The Washington PostDemocracy Dies in Darkness

Opinion The GOP is accelerating its descent into authoritarianism

Columnist|
March 17, 2021 at 1:41 p.m. EDT
Sen. Mike Lee (R-Utah) walks through the Senate subway on Tuesday. (Samuel Corum/Bloomberg)

When I was growing up in the 1980s, the Republican Party stood for freedom — freedom from big government at home and from communist tyranny abroad. It was why I, as a young refugee from the Soviet Union, became a Republican in the first place.

I am, therefore, agonized and appalled to see the GOP rapidly metamorphosing into an authoritarian party that has more in common with the Law and Justice party in Poland or the Fidesz Party in Hungary than with mainstream center-right parties such as the Christian Democrats in Germany. The transformation has been in the works at least since Donald Trump’s election in 2016, but it has accelerated alarmingly in the past year.
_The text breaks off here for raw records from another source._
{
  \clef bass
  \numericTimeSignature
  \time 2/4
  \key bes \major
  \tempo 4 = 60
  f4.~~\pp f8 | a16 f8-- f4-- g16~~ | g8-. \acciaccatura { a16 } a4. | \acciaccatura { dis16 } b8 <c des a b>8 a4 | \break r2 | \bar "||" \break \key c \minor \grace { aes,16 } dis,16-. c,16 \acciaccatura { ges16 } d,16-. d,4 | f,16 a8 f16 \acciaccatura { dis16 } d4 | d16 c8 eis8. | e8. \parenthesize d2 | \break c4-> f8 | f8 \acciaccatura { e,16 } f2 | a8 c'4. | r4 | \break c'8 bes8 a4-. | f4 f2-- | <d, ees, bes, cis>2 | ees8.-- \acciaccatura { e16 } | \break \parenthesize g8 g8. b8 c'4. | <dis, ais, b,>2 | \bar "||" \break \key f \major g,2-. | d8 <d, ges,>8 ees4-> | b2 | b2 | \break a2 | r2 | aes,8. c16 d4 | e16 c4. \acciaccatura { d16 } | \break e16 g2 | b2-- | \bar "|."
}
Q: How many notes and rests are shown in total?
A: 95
A newly declassified report from the director of national intelligence confirms that the Trump White House, the Republican Party and their propaganda organs colluded with, or at least worked on parallel lines with, a Russian campaign to defeat now-President Biden. The report notes that Moscow “sought to amplify mistrust in the electoral process by denigrating mail-in ballots, highlighting alleged irregularities, and accusing the Democratic Party of voter fraud.” Russian agents also “spread unsubstantiated or misleading claims about President Biden and his family’s alleged wrongdoing related to Ukraine.”

Sound familiar? It should, because those are precisely the same narratives that were being pushed by Trump and his supporters at places such as Fox News and One America News. That’s no coincidence. The report notes that Russian intelligence sought to “launder” its propaganda “through US media organizations, US officials, and prominent US individuals, some of whom were close to former President Trump and his administration.” The report cites Ukrainian politician Andriy Derkach as one of the “Russian proxies” active in this disinformation campaign; he provided information to, among others, Trump’s lawyer Rudolph W. Giuliani.
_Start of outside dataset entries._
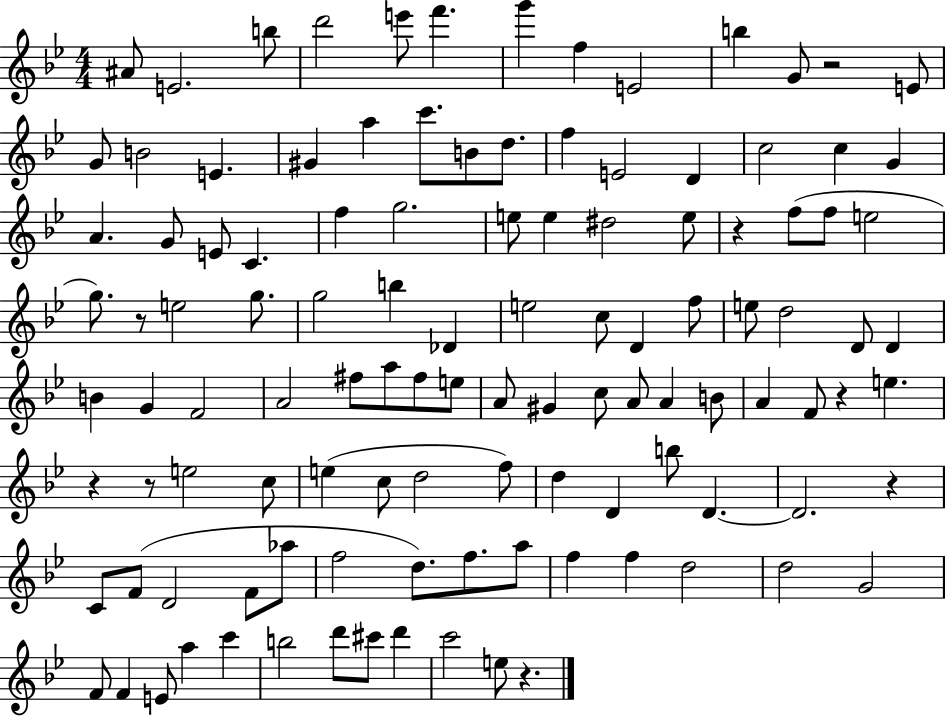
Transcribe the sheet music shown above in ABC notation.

X:1
T:Untitled
M:4/4
L:1/4
K:Bb
^A/2 E2 b/2 d'2 e'/2 f' g' f E2 b G/2 z2 E/2 G/2 B2 E ^G a c'/2 B/2 d/2 f E2 D c2 c G A G/2 E/2 C f g2 e/2 e ^d2 e/2 z f/2 f/2 e2 g/2 z/2 e2 g/2 g2 b _D e2 c/2 D f/2 e/2 d2 D/2 D B G F2 A2 ^f/2 a/2 ^f/2 e/2 A/2 ^G c/2 A/2 A B/2 A F/2 z e z z/2 e2 c/2 e c/2 d2 f/2 d D b/2 D D2 z C/2 F/2 D2 F/2 _a/2 f2 d/2 f/2 a/2 f f d2 d2 G2 F/2 F E/2 a c' b2 d'/2 ^c'/2 d' c'2 e/2 z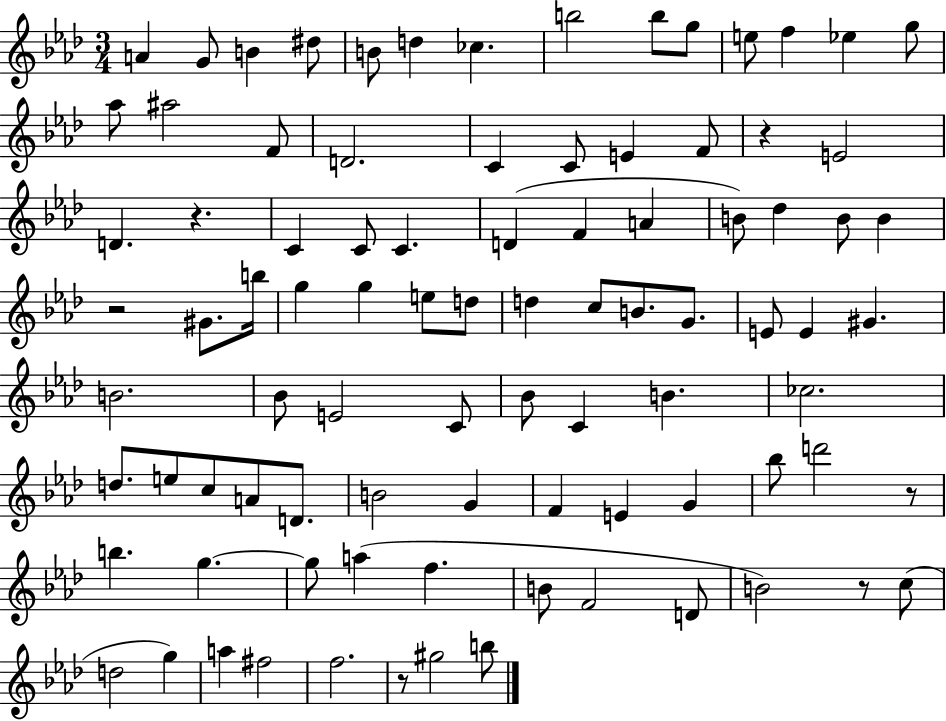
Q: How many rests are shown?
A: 6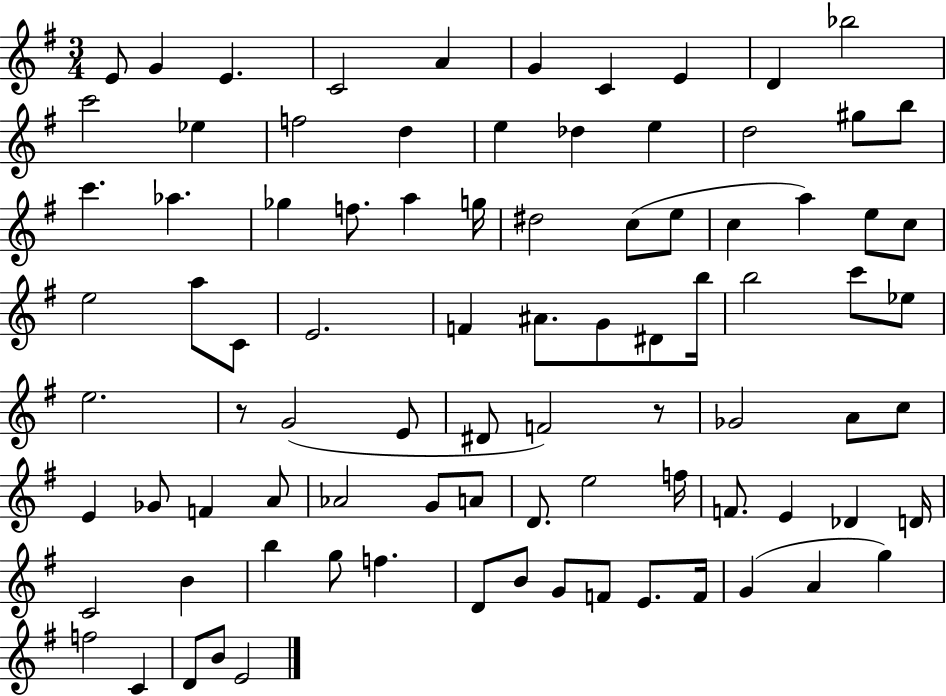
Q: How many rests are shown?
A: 2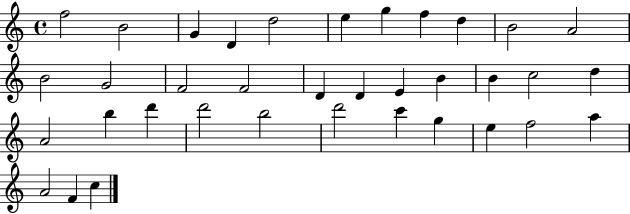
{
  \clef treble
  \time 4/4
  \defaultTimeSignature
  \key c \major
  f''2 b'2 | g'4 d'4 d''2 | e''4 g''4 f''4 d''4 | b'2 a'2 | \break b'2 g'2 | f'2 f'2 | d'4 d'4 e'4 b'4 | b'4 c''2 d''4 | \break a'2 b''4 d'''4 | d'''2 b''2 | d'''2 c'''4 g''4 | e''4 f''2 a''4 | \break a'2 f'4 c''4 | \bar "|."
}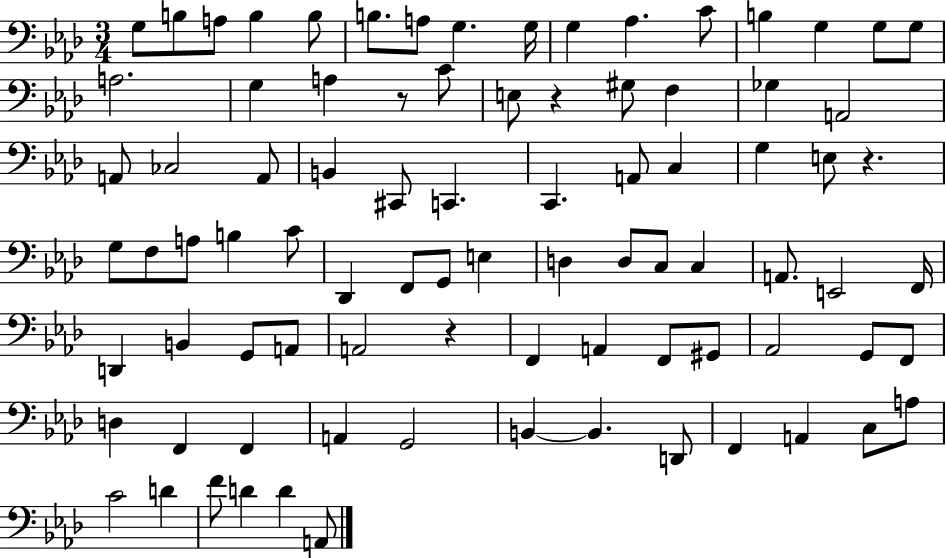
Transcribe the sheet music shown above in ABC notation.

X:1
T:Untitled
M:3/4
L:1/4
K:Ab
G,/2 B,/2 A,/2 B, B,/2 B,/2 A,/2 G, G,/4 G, _A, C/2 B, G, G,/2 G,/2 A,2 G, A, z/2 C/2 E,/2 z ^G,/2 F, _G, A,,2 A,,/2 _C,2 A,,/2 B,, ^C,,/2 C,, C,, A,,/2 C, G, E,/2 z G,/2 F,/2 A,/2 B, C/2 _D,, F,,/2 G,,/2 E, D, D,/2 C,/2 C, A,,/2 E,,2 F,,/4 D,, B,, G,,/2 A,,/2 A,,2 z F,, A,, F,,/2 ^G,,/2 _A,,2 G,,/2 F,,/2 D, F,, F,, A,, G,,2 B,, B,, D,,/2 F,, A,, C,/2 A,/2 C2 D F/2 D D A,,/2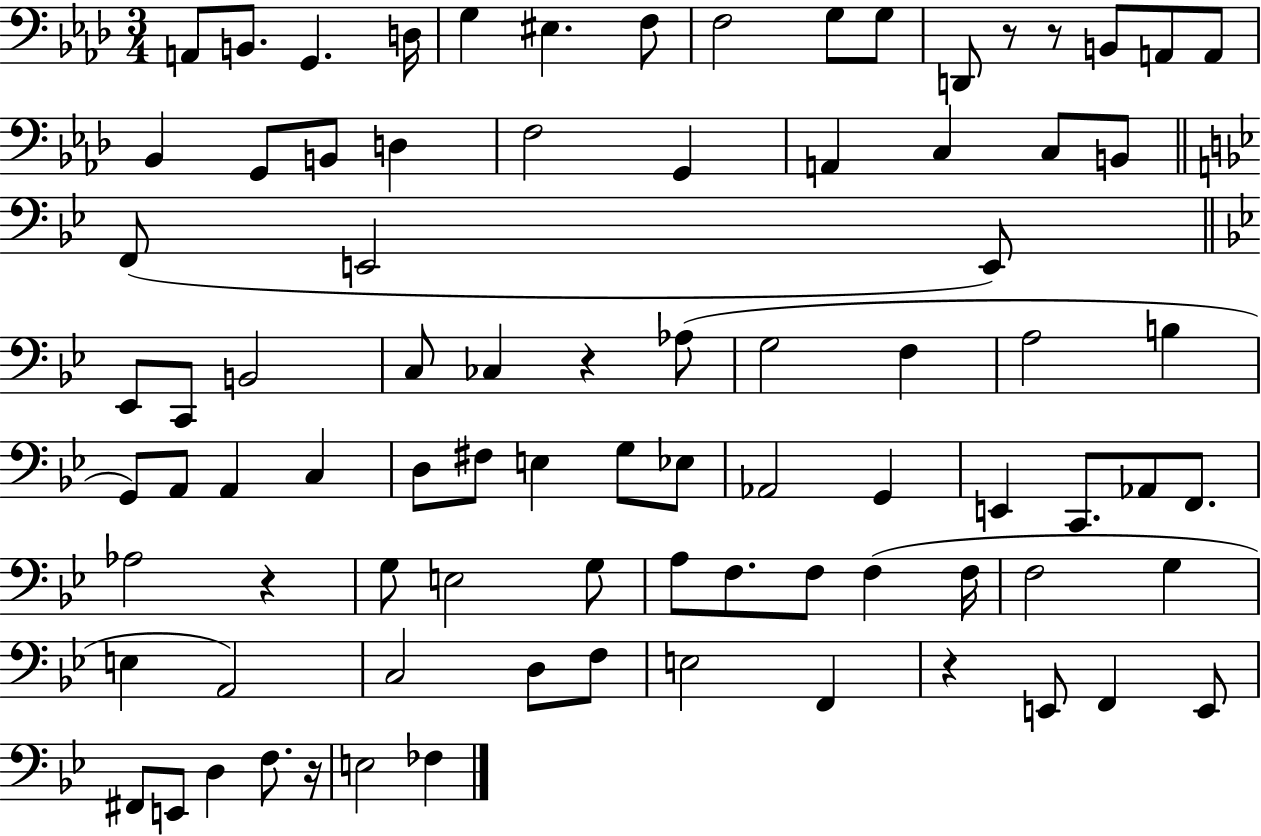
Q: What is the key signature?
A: AES major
This was the second election in a row where Trump and his supporters were serenely untroubled by the help he received from a hostile authoritarian regime. The Russian effort to influence our election didn’t succeed this time, but even after Trump lost, he kept pushing the Big Lie that he had actually won and continued to demand that either the courts or Republican lawmakers overturn the results. On Tuesday night, Trump was still at it, lamenting on Fox News that “our Supreme Court and our courts didn’t have the courage to overturn elections.”

This is the kind of blatantly anti-democratic rhetoric that incited the insurrection on Jan. 6. Yet even after a Trump mob stormed the Capitol, 147 Republicans in both houses voted to toss out electoral votes. In other words, nearly 60 percent of Republicans were willing to subvert democracy to win power. By contrast, only 17 Republicans — a mere 6.5 percent of the total — voted to impeach Trump for inciting an insurrection.

Trump’s unprecedented assault on our democracy has not shaken his support with the base: Eighty percent of Republicans in a recent poll said they have a favorable opinion of him. Little wonder that Republican politicians still flock to Mar-a-Lago to kiss Trump’s ring.

Republicans realize that Trump remains unpopular with the country as a whole. (His approval rating among registered voters is only 37 percent.) But instead of renouncing Trump, they are renouncing democracy. “In 43 states across the country,” The Post notes, “Republican lawmakers have proposed at least 250 laws that would limit mail, early in-person and Election Day voting with such constraints as stricter ID requirements, limited hours or narrower eligibility to vote absentee.”

The ostensible justification for this legislation is to combat voter fraud. Except there isn’t any. Republicans looked really, really hard and could not find any widespread voter fraud. The real GOP plan is, of course, to disenfranchise Democrats, and especially minority voters in big cities. This is the most blatant assault on voting rights since the 1960s — and if it succeeds it will greatly increase the chances that Republicans will win back the House and Senate in 2022.

The Democratic-controlled House recently passed a bill, H.R. 1, to strengthen voting rights without a single GOP vote. Republicans are hysterical in their opposition. Sen. Mike Lee (R-Utah) said, “This is a bill as if written in hell by the devil himself.” What are its hellish provisions? Proposals such as automatically registering citizens to vote, allowing same-day voter registration, expanding voting by mail and early voting, making it harder for states to purge registered voters from the rolls, and banning partisan gerrymandering. These are all provisions that would strengthen our democracy. But the GOP is increasingly invested in authoritarianism as the best route to power.

The only way this bill, or any version thereof, can pass the Senate is if the Democrats eliminate or amend the filibuster rule that demands 60 votes to pass most legislation. Unfortunately, there aren’t 10 Republicans in the Senate who can be counted upon to support voting rights. It is hard to imagine a more damning indictment of the party once led by freedom fighters such as Abraham Lincoln, Theodore Roosevelt, Dwight D. Eisenhower, Ronald Reagan and George H.W. Bush.